A new legislative development took place in the 1990s with the emergence of data protection laws. Their priority was the protection of personal privacy (data protection). In order of adoption, the following cantons now have a law on archives: Jura (1984 and 2011), Neuchâtel (1989), Zurich (1995), Basel-Stadt (1996), Geneva (2000), Glarus and Lucerne (2003), Zug (2004), Basel-Landschaft, Solothurn (2006), Bern (2009), Ticino (2011), and Vaud (2012). Strictly speaking, these are mostly laws on archiving rather than on archives, as they regulate the archiving process.

In other cantons, archiving is governed only by regulations, some of which are 30 years old. These regulations often address archives alongside other provisions related to state organization.

In Aargau, the "Gesetz über die Information der Öffentlichkeit, den Datenschutz und das Archivwesen" (IDAG) was adopted in 2006. This was the first time in Switzerland that these three themes were combined in a single regulatory text. The Valais followed suit with a similar joint law adopted in 2008 (Loi sur l'information du public, la protection des données et l'archivage, LIPDA). In Geneva, these three areas were coordinated through a series of legislative revisions: the "Loi sur les archives" (LArch in 2000 and its regulation in 2001), and the "Loi sur l'information du public, l'accès aux documents et la protection des données personnelles" (LIPAD in 2001-2008).

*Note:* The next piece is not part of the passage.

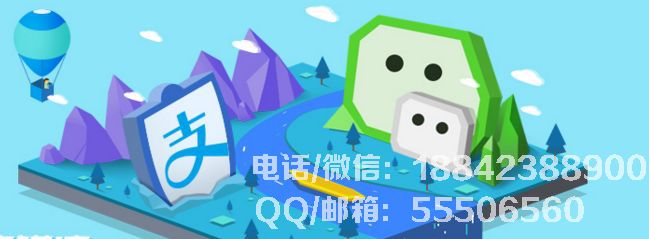 1506049461298342.jpg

In addition to strictly archival laws and regulations, there are other specific legal norms that impact archive management. For example, the Confederation, the canton of Basel-Stadt, and Vaud have regulations on the protection of personal documents. Access to archived documents may also be restricted by professional secrecy, the violation of which is punishable by fines or imprisonment under Article 321 of the penal code.

== Access rights and administrative documents ==
Some cantons have addressed the issue of access rights to archived documents in legal provisions other than archival texts. For example, the canton of Valais did so in its law and regulation on cultural promotion (LPrC, art. 29). In the cantons of Bern, Solothurn, and Vaud, access rights are not regulated in archival laws but in laws and regulations on access to public documents. In these three cantons, the public is considered to have the right to access public documents unless a prevailing interest opposes it, regardless of whether the documents are held in services or archives. Consequently, the archiving laws and regulations of these cantons contain only marginal notes (Vaud) or no provisions (Bern, Solothurn) on access to archived documents. The Confederation, as well as the cantons of Appenzell Ausserrhoden and Geneva, recognize the principle of access to public documents. However, access to archived documents is primarily regulated in archival laws and regulations.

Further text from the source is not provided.